Having a second log is pretty non-standard, and obscures the ordering of
events that may be pertinent.  So I am not thrilled with that idea.
However, the current logging system does not make it easy to determine
where a log message is coming from, nor can you filter log messages with
grep easily.

It would be better to include enough information in the ONE manifoldcf.log
file so that you know what connector the log message is coming from.

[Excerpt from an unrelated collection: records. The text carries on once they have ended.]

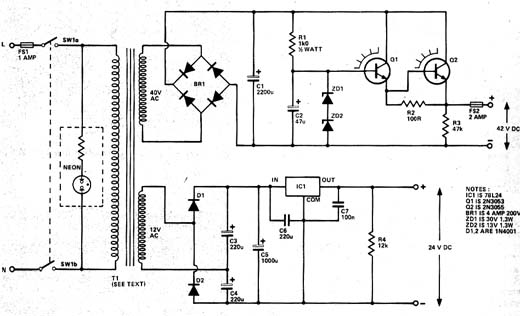  Fonte Para Amplificador de 25 W 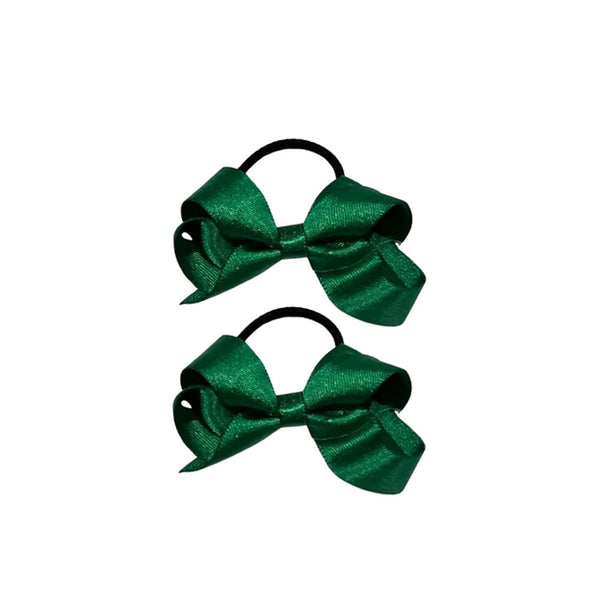 Metallic Bow Hairties - in Green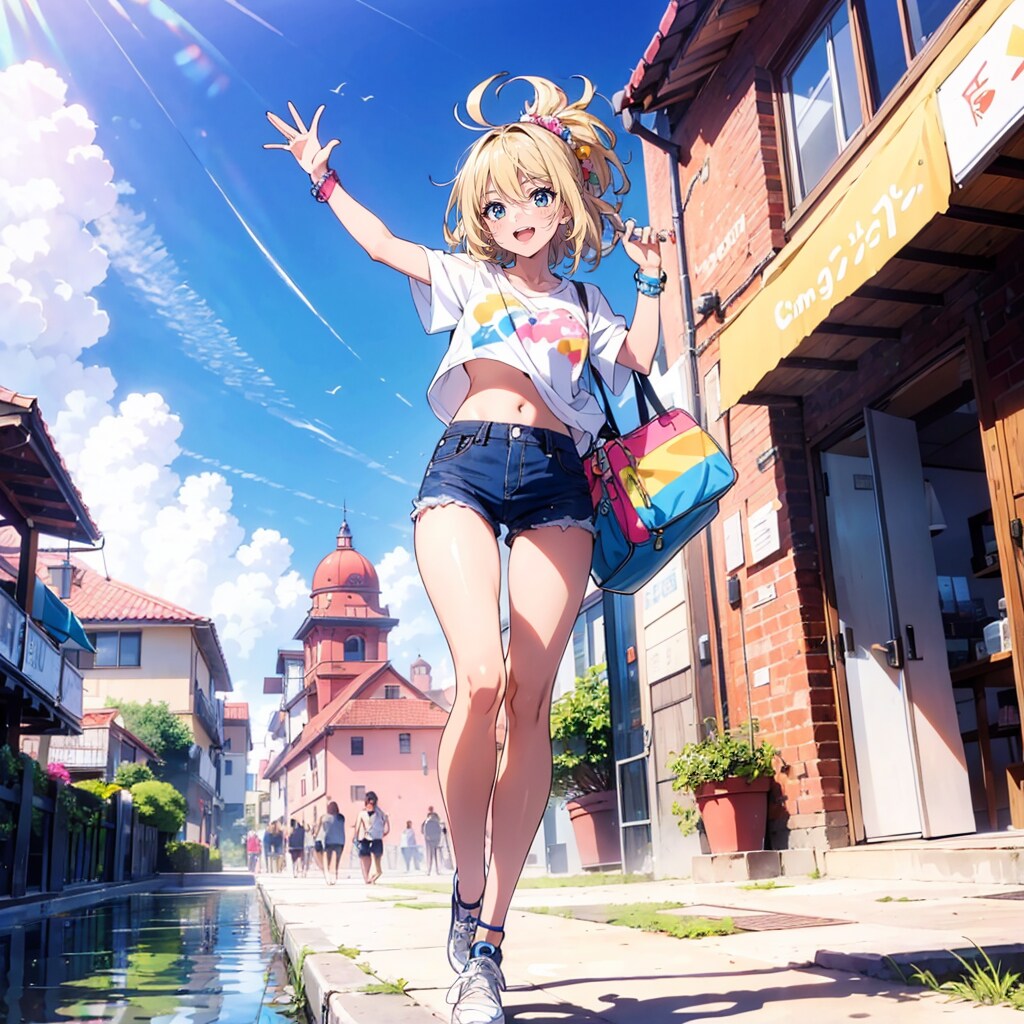 ショートパンツが眩しい
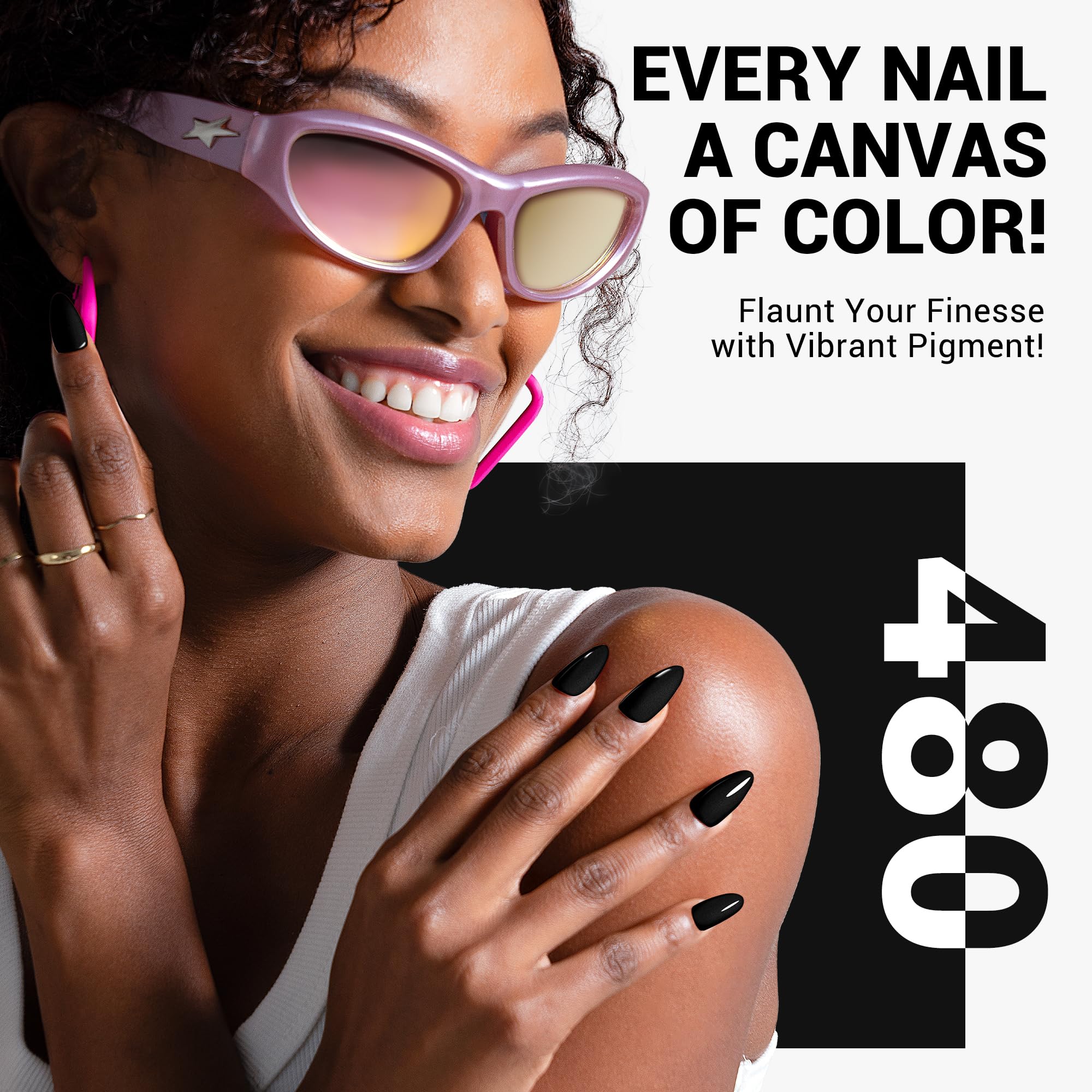 MelodySusie Low-odor formula promoted for a comfortable DIY manicure.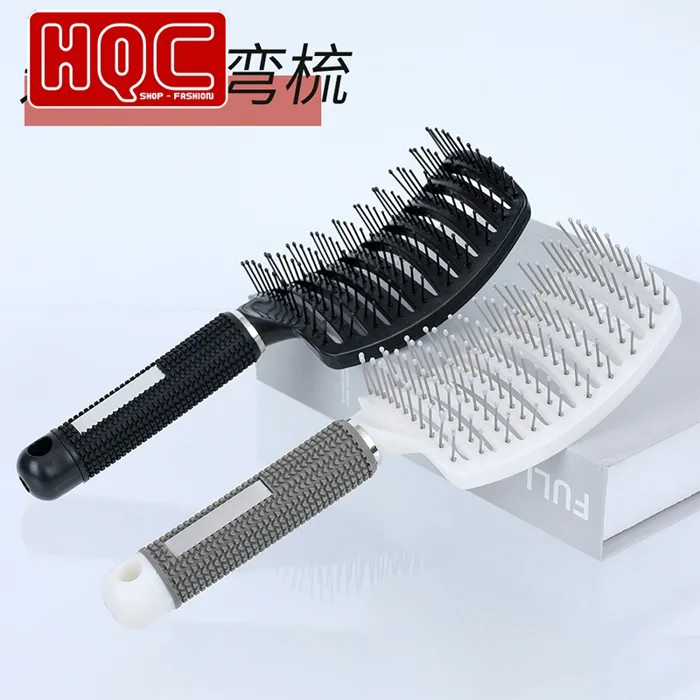 Lược gỡ rối, tạo phồng tóc hqcshop, lược sấy tạo kiểu bán nguyệt cỡ lớn  chuyên dụng giảm rụng tóc - HQC055
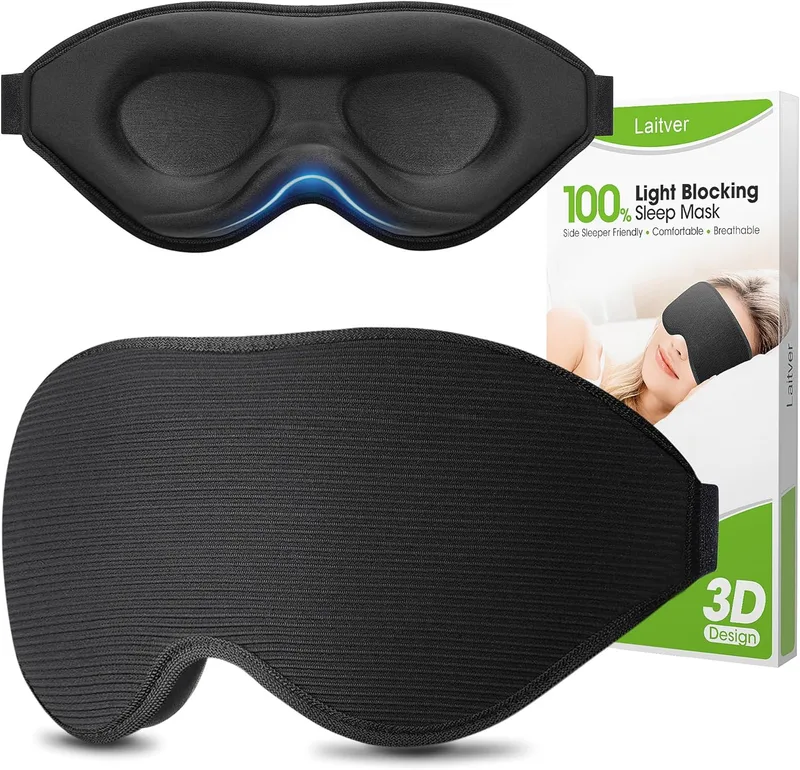 Antifaz para Dormir, Máscara para Dormir 3D con Presión Cero para Mujeres y Homb…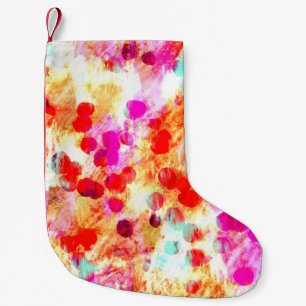 Hintergrund für Grunge-Farbpunkte Kleiner Weihnachtsstrumpf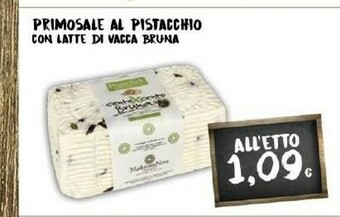 Bruna Primosale Al Pistacchio Con Latte Di Vacca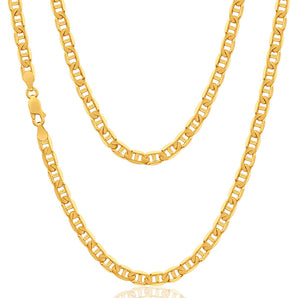 9ct Alluring Yellow Solid Gold 55cm Anchor Chain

We already have individual loggers set up that are "catch all" buckets for
events of various kinds, but the logger itself might want to have more
information, e.g. the class that did the logging, as an optional argument.
Or - we could use log4j's native capabilities.  All that is needed to do
that is to simply create a static logger in every connector class from
which you wish to log, and write directly to that one.

Karl


On Tue, Jan 18, 2022 at 10:29 AM Julien Massiera <
julien.massiera@francelabs.com> wrote:

> Hi all,
>
>
>
> In order to improve the tracking of documents processing status, and in
> particular when something goes wrong with MCF (like hanging processes
> without obvious causes), I would like to propose to add specific logs into
> each repository connector. One log at the beginning of each
> documentIdentifier processing in the processDocuments method, and one at
> the
> end, so that, at any time, we can easily tell which documents are being
> processed.
>
> To implement that, I was thinking of a common class that would write the
> logs, with a custom log level (between INFO and DEBUG), so that the logs
> could be easily isolated into a specific file through log4j conf. The class
> would be stored in the org.apache.manifoldcf.crawler.system package like
> the
> Logging class.
>
>
>
> What do you think about that ?
>
>
>
> Regards,
>
> Julien
>
>